Sessão anulou votação secreta

Na sessão de ontem dia 23/03, realizada as 14h, atendendo a uma consulta que o então presidente, vereador Noel Pedrosa (Avante), fez a Procuradoria Jurídica da Casa em razão das ações que o então ex prefeito Charlinho e seu vice, Aberladinho, deram entrada no Fórum da Comarca de Itaguaí, onde foi questionada a nulidade da votação da Comissão Especial Processante (CEP 004/2019), que cassou o mandato do prefeito e vice prefeito sob acusação de prática de nepotismo ocorrida em 05/03 e que após 14 horas foi encerrada na manhã de 06/03. A Procuradoria da Casa opinou que a votação, que ocorreu de forma secreta, deveria ter sido feita de forma aberta.

Acatando a Procuradoria, o presidente Noel Pedrosa convocou Sessão Extraordinária e levou o assunto para ser deliberado em plenário. Com treze vereadores presentes, o plenário da Câmara Municipal de Itaguaí decidiu por unanimidade anular a sessão que cassou o prefeito e o vice.

Liminar favorável do STF

O Supremo Tribunal Federal, concedeu na última quinta-feira (19), liminar favorável à Abeilard Goulart de Souza Filho, o Abeilardinho, e suspendeu os efeitos do Decreto Legislativo nº 001/2020, editado pela Câmara Municipal de Itaguaí-RJ, até o julgamento de todo o conteúdo, ou seja, até o julgamento final da questão. O motivo para a anulação do decreto da Câmara, segundo o STF, foi para evitar qualquer dano irreparável ao município, seguindo os termos do artigo 989 II, do Código de Processo Civil ( CPC ), “II – se necessário, ordenará a suspensão do processo ou do ato impugnado para evitar dano irreparável.”

Para o ministro Luís Roberto Barroso, a Câmara Municipal violou a Constituição ao afastar o regramento federal, que prevê votação nominal, para aplicar a legislação local (art. 105, XII, da Lei Orgânica do Município de Itaguaí c/c art. 17 do Regimento Interno da Câmara Municipal de Itaguaí-RJ), com a realização de votação de forma secreta.

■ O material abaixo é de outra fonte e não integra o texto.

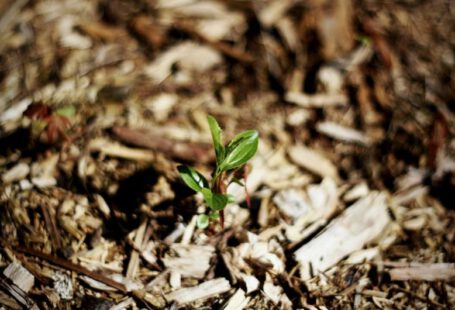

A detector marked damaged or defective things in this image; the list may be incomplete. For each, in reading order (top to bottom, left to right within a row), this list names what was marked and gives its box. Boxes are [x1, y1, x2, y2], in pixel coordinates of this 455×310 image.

splintered wood [296, 193, 392, 280]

Com isso, o então Presidente da Câmara, vereador Noel Pedrosa, marcou uma sessão para dar posse ao vice prefeito e ao prefeito nos seus respectivos cargos, bem como empossar novamente o presidente Rubem Ribeiro (Podemos) na Câmara.

A Sessão Solene de Posse, marcada para às 15h de ontem, não contou com a presença do prefeito e seu vice. Mesmo notificados, Charlinho e Abelardinho não compareceram à Câmara para a posse. Sendo empossado na sessão solene apenas o presidente Rubem Ribeiro.

Relembre
A sessão ordinária realizada entre quinta (05/03) e sexta (06/03), na Câmara Municipal de Itaguaí e que durou mais de 14 horas, cassou o mandato do prefeito Carlo Busatto Júnior, o Charlinho (MDB) e do vice-prefeito de Itaguaí Abelardinho Goulart. O vice prefeito foi cassado com um placar de 15 votos contra 2. Já o prefeito Charlinho teve seu mandato cassado numa votação de 13 contra 4. A votação foi de forma secreta.
A Comissão Especial Processante (CEP 004/19), investigou e cassou os mandatos do prefeito e vice-prefeito por casos de nepotismo na prefeitura de Itaguaí. O prefeito Carlo Busatto Júnior, o Charlinho (MDB), o vice prefeito Abelardinho Goulart e outros estavam sendo investigados após denúncia da moradora e servidora Hellen Senna.
Dezenas de pessoas receberam cargos tendo parentesco com o prefeito, vice prefeito, vereadores e outras dezenas de servidores com cargos de nomeação na prefeitura. Alguns casos são bem conhecidos como o da mulher de Charlinho, Andreia Busatto que é secretária de educação e a filha do vice prefeito secretária de esportes.